** RECORDED INFORMATION follows **

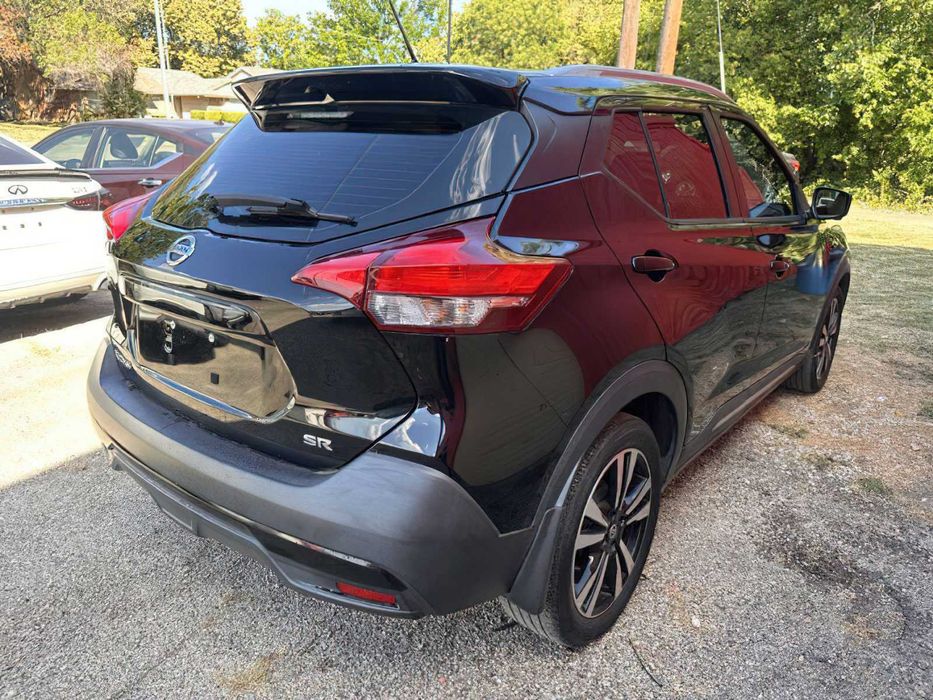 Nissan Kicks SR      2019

** End of RECORDED INFORMATION **
** RECORDED INFORMATION follows **

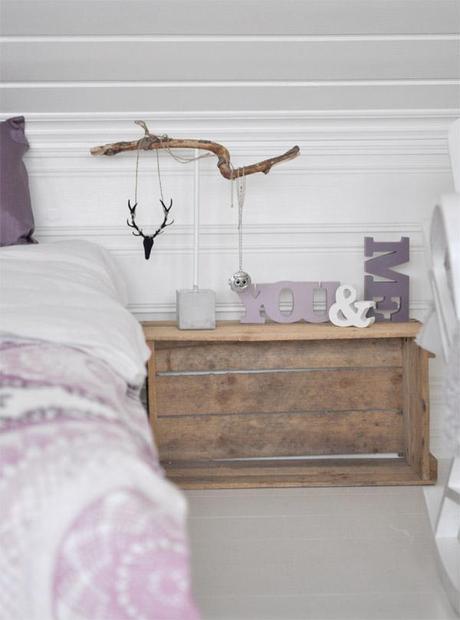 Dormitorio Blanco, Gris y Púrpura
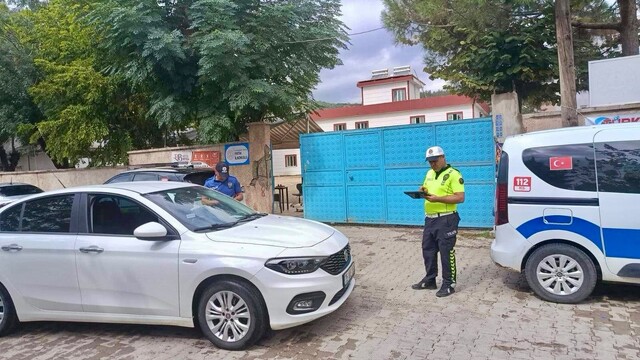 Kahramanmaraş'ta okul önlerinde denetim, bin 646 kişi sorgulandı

** End of RECORDED INFORMATION **

▸ **WHAT IS BEING ASKED**:
Output exactly the lines above, from the line with "Dormitorio Blanco, Gris y Púrpura" to the line with "Kahramanmaraş'ta okul önlerinde", both included; skip the pictures.

▸ **COMPLETED TASK**:
 Dormitorio Blanco, Gris y Púrpura
 Kahramanmaraş'ta okul önlerinde denetim, bin 646 kişi sorgulandı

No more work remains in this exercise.